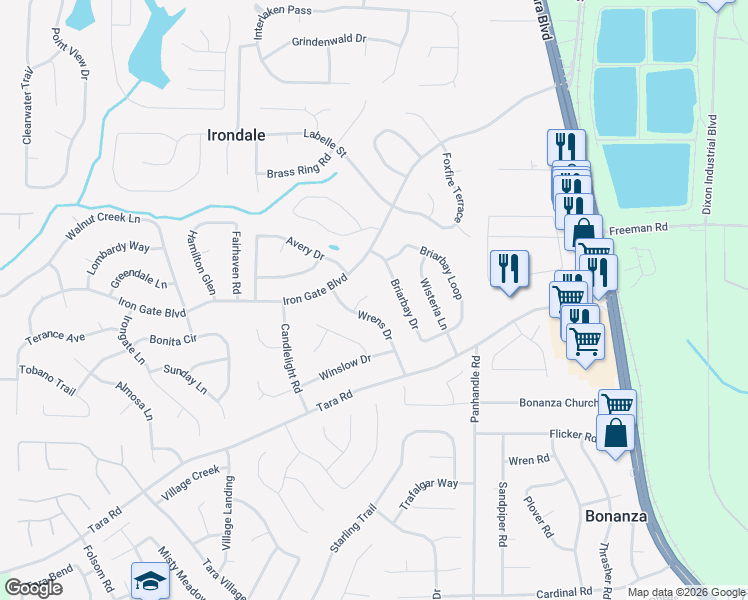 map of restaurants, bars, coffee shops, grocery stores, and more near 10311 Briarbay Drive in Jonesboro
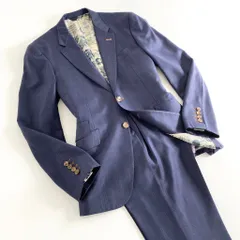 56b12 日本製 Paul Smith COLLECTION ポールスミス コレクション シングルスーツ セットアップ 裏地総柄 サイズL ブルー×レッド チェック ウール100％ メンズのサムネイル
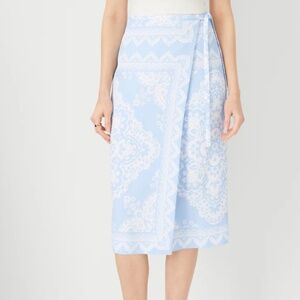 Ann Taylor Tile Tie Waist Wrap Pencil Skirt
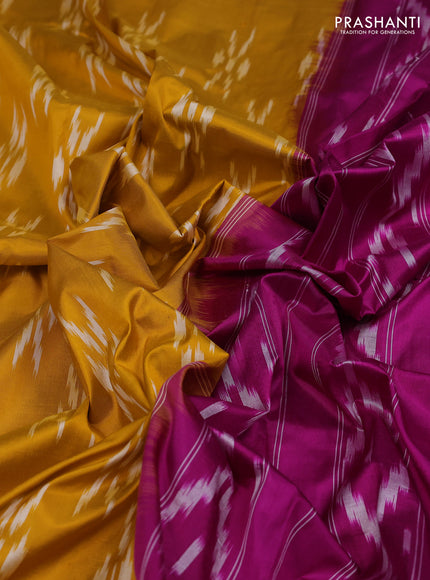 Mustard Yellow & Purple Pochampally Silk Saree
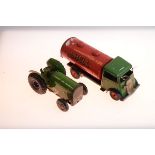 Minic tin plate Shell tanker, together with a similar tractor Condition:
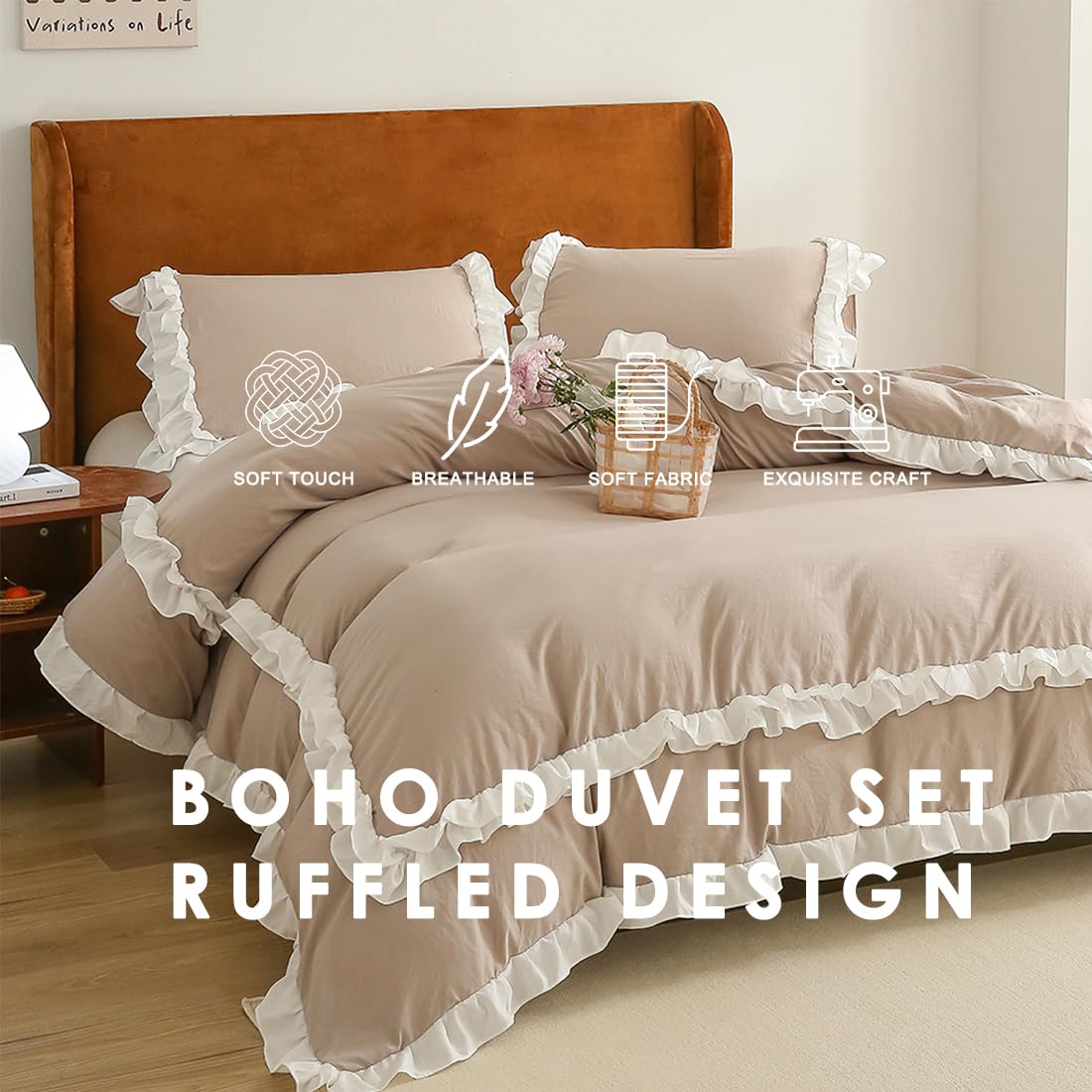 Wotcsil Taupe Ruffle Bedding Set for Women Girls Ruffled Double Duvet Cover Set Plain Duvet Cover Shabby Chic Retro Double-Layer Frill Edge Design with Pillowcase - Image 3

◆ **Work instruction**
Only the lines from the one with "Mustard Yellow &" through the final line of the entries above should be transcribed, exactly and without pictures.

◆ **Exercise result**
 Mustard Yellow & Purple Pochampally Silk Saree
 Minic tin plate Shell tanker, together with a similar tractor Condition:
 Wotcsil Taupe Ruffle Bedding Set for Women Girls Ruffled Double Duvet Cover Set Plain Duvet Cover Shabby Chic Retro Double-Layer Frill Edge Design with Pillowcase - Image 3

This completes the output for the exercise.